Monday, March 14, 2011

Clean Monday

Until the age of ten, I attended a Presbyterian Church.  Easter meant a new dress, white shoes, an Easter basket filled with chocolate bunnies and pastel eggs, hidden around the yard.  It also meant the resurrection of Jesus, but I was a kid and didn't think about the profundity of that event.

When I got a little older, I attended an Evangelical Free Church, and mostly because I was older, I began thinking about the resurrection.  But I still wanted chocolate bunnies.

And then when I got married, at the ripe age of 18, I started attending Assembly of God churches.   Not much changed.

As far as I know, none of these churches observed Lent.  And we didn't think a lot about Jesus on the cross, or his betrayal, his incredible suffering, or his death.

And now I'm older, and I want to think about these things.  And so I'm joining millions of Christians in fasting during this time of year.

My fast starts today, Clean Monday.  I read about Clean Monday last week and mentioned it in a previous post.

I had never heard of it before, actually, and I was sort of curious as to its significance.  Have I mentioned how much I love Google and Wikipedia?

Roman Catholics start fasting on Ash Wednesday, but Eastern Orthodox Christians begin today.  The term Clean Monday describes leaving behind sinful attitudes and non-fasting foods.  Technically, the fast begins on the preceding Sunday night at a special service called Forgiveness Vespers, which ends with a Ceremony of Mutual Forgiveness.  Worshipers bow down before one another and ask forgiveness, and in this way they begin Lent with a clean conscience and with a renewed sense of love for Christian community.

I wish I learned this earlier--this could have been a really profound thing to do with close friends or as a church.  The whole week is often known as "Clean Week" and worshipers go to Confession during the week and clean their houses totally thoroughly.  (I wonder if this was the beginning of Spring Cleaning, but that really is an irrelevant question.)

The theme of Clean Monday, to be read at the Sixth Hour, and I'm not positive what time that is but I think it's noon, is from Isaiah 1:1-20.  I totally missed the Sixth Hour, but I think it's worth taking the time to look at this because, in this time of fasting when we remember the suffering, death, and resurrection of Jesus, we hearts set on honoring him, by loving him and serving others.

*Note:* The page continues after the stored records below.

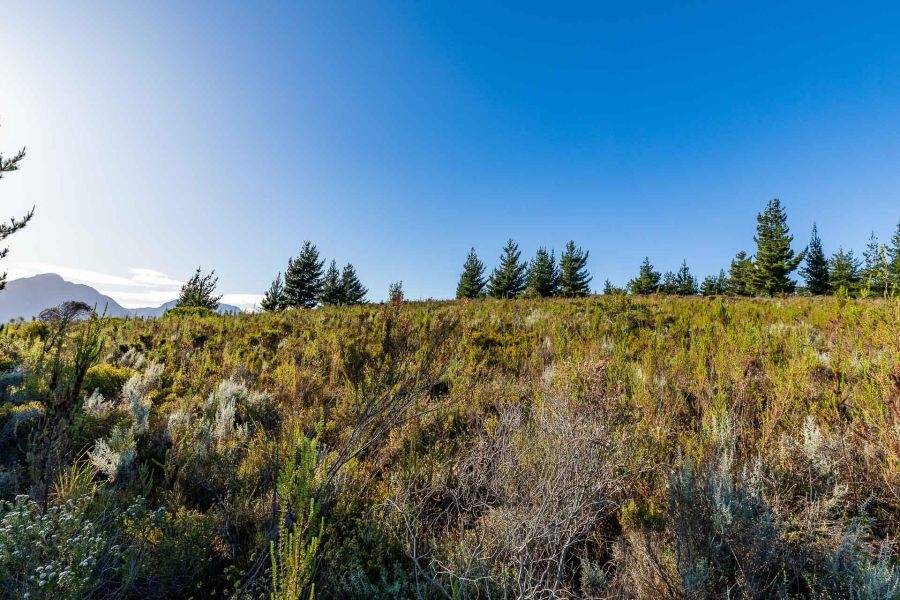 0 Bedroom Property for Sale in Heidelberg Rural Western Cape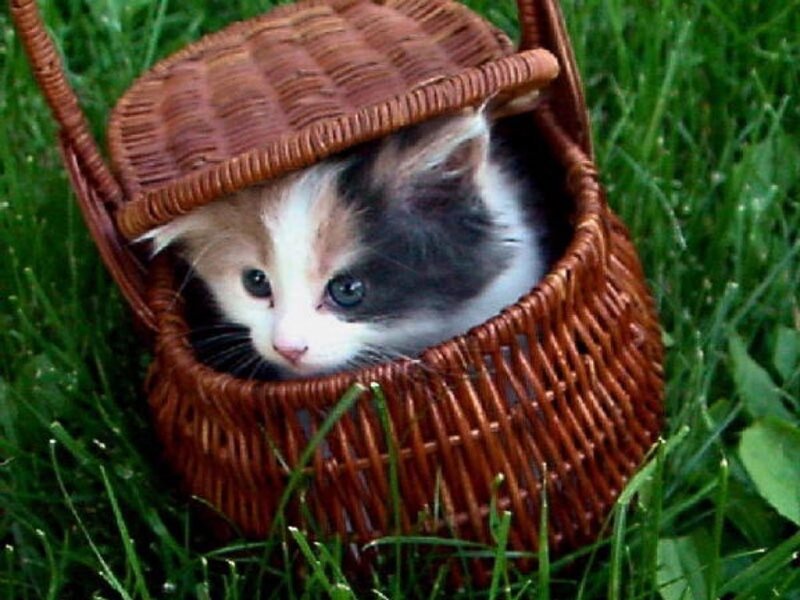 Calico Kitten in Basket — Brown, Peaceful
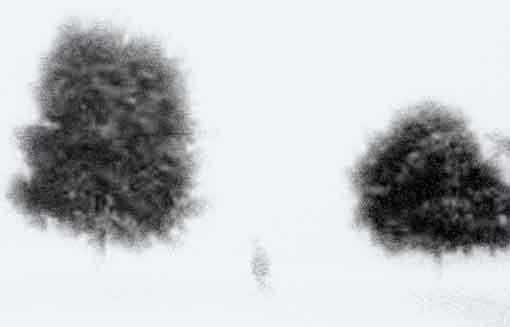 20060415031257-nieve.jpg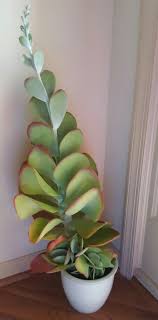 Kalanchoe Just Came In For The Winter Bucks County Pa Succulents Cool Plants Plants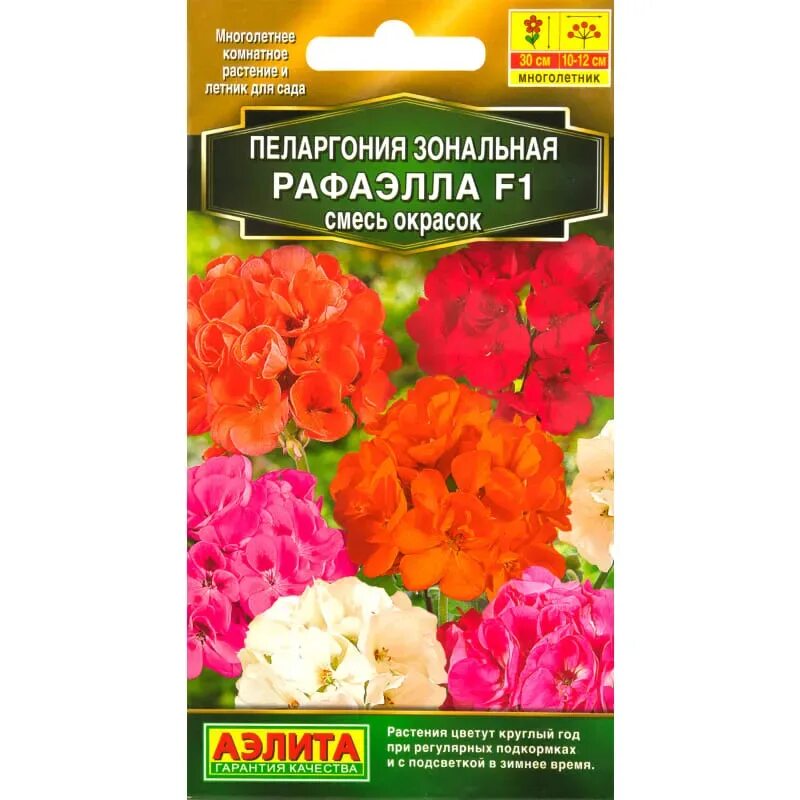 Пеларгония рафаэлла f1. Пеларгония зональная рафаэлла f1 белая. Семена пеларгонии f1. Пеларгония f1 (герань) русский размер. Пеларгония pinto premium salmon.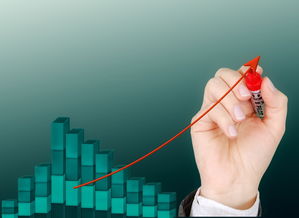 -中国篮球后卫技术细节提升策略研究，篮球后卫基本功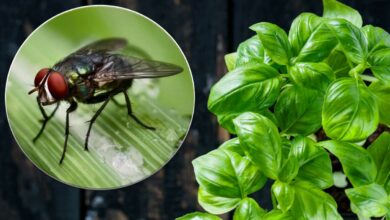 Du basilic qui agit comme un répulsif à mouche.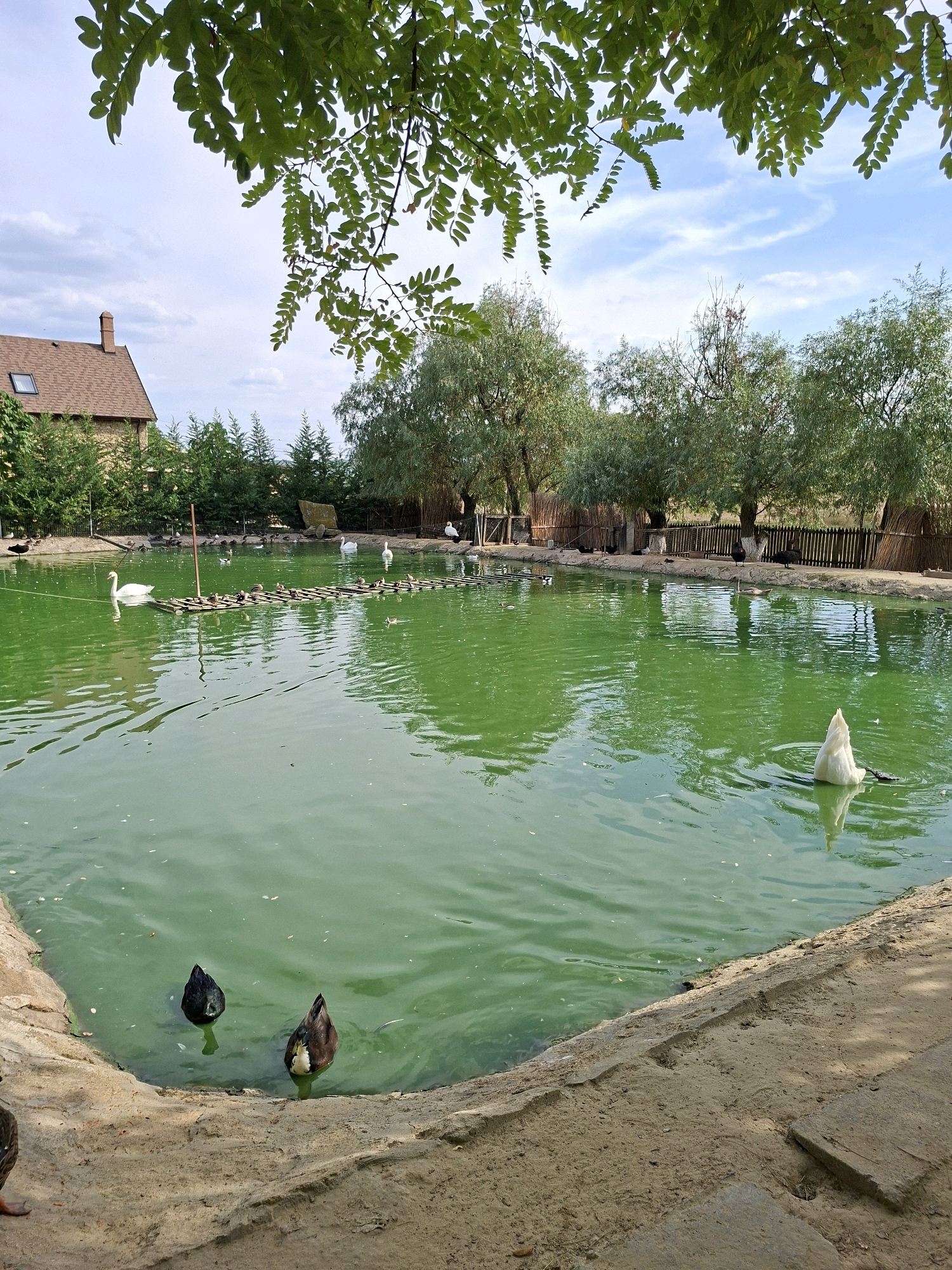The image shows a pond with green, murky water in Bardar, Moldova. Several birds are present in and around the pond, including two ducks with their heads submerged underwater, one white swan swimming, and another white swan diving with its tail feathers visible above the water. A raft made of wooden planks is floating in the pond, with a flock of smaller birds resting on it. In the background, a building with a brown roof and a chimney is visible, along with trees and a wooden fence. The sky is partly cloudy.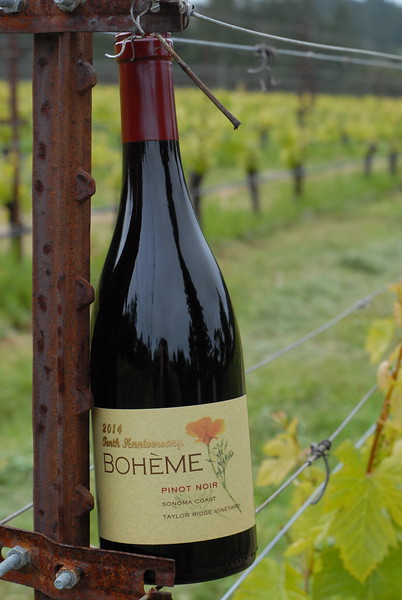 Cerrada ~ Bohème PN, CH & Zin Offer - BerserkerDay IX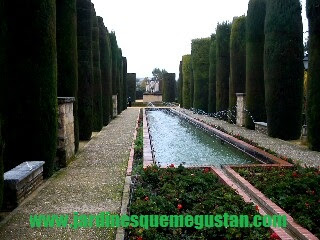 POR QUE EL CIPRES NO ES SOLO PARA CEMENTERIOS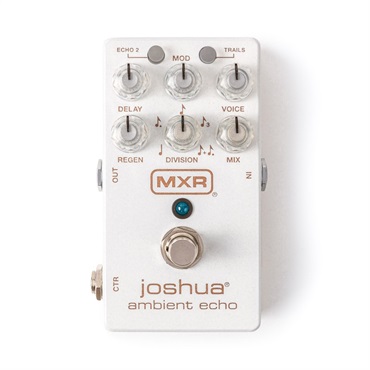 M309 JOSHUA AMBIENT ECHO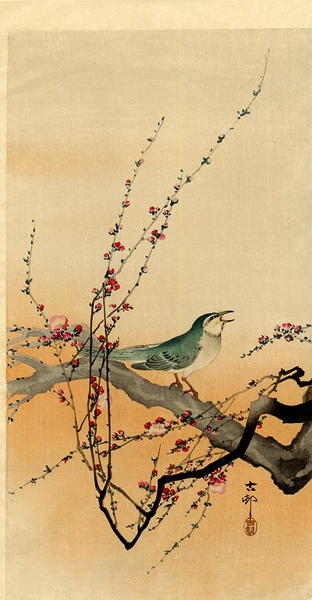 The Songbird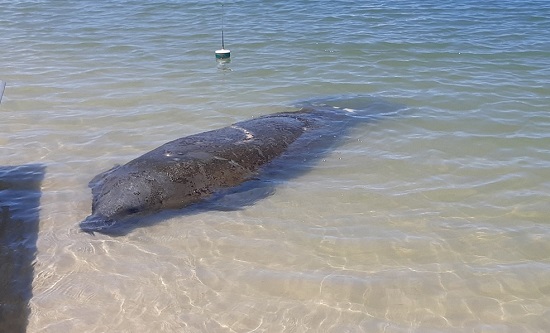 Peixe-boi Astro sofre ferimentos profundos após nova colisão com embarcação no litoral sul de Sergipe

Isaiah, speaking to the people of Israel, whose country is being completely torn apart, asks,
What makes you think I want your sacrifices?  I'm sick of watching you follow my law with your actions, but not with your hearts.  I'm really not interested in your worship services--you're worshiping with ceremonies, but not with your hearts.   
So I'm done.  I don't want your meaningless gifts, and as for your special days for fasting? they are all sinful and false.  When you lift up your hands in prayer, I don't see you because your your hands are covered with the blood of innocent victims.   
And I know you didn't actually kill anybody, but I see the way you treat people, people in the church and people out of the church.  I see the way you look at them; I hear the way you speak about them in your thoughts.   
So now, if you want me to hear you, wash yourselves and be clean.  Give up your evil ways and learn to do good.   
Seek justice, not just for the people you think deserve it, but for everyone.  Help the oppressed, even if you don't think they deserve to be helped.   
Defend the rights of the orphans and widows, the poor, the hopeless, even if you think they should take care of themselves.   
My heart is full of love and compassion.  Look at the life of Jesus, and you will see how I love you, how I love the people you despise.   
Let's settle this once and for all.  Though your sins are like scarlet, I will make them as white as snow.  They are red like crimson, I will make them as white as wool.  You cannot make yourselves clean.  Only I can do that.  
Turn to me.  Follow me.  Become like me.  Obey my greatest command, to love one another.  And I will make you--your nation--your community--clean.   
I will hear your prayers.  I will bless you. 
But if you turn away, if you keep doing what you've been doing all along, with your fasts and your worthless ceremonies, you--as a nation--as a community--will be destroyed.
As I read through this passage and paraphrase it, I am struck by the fact that God's words are for those supposedly follow him, not for those who don't.  And so it follows that these words are for us.  How often do we begin to go through the motions of following God, but our hearts aren't quite in synch with what we are doing?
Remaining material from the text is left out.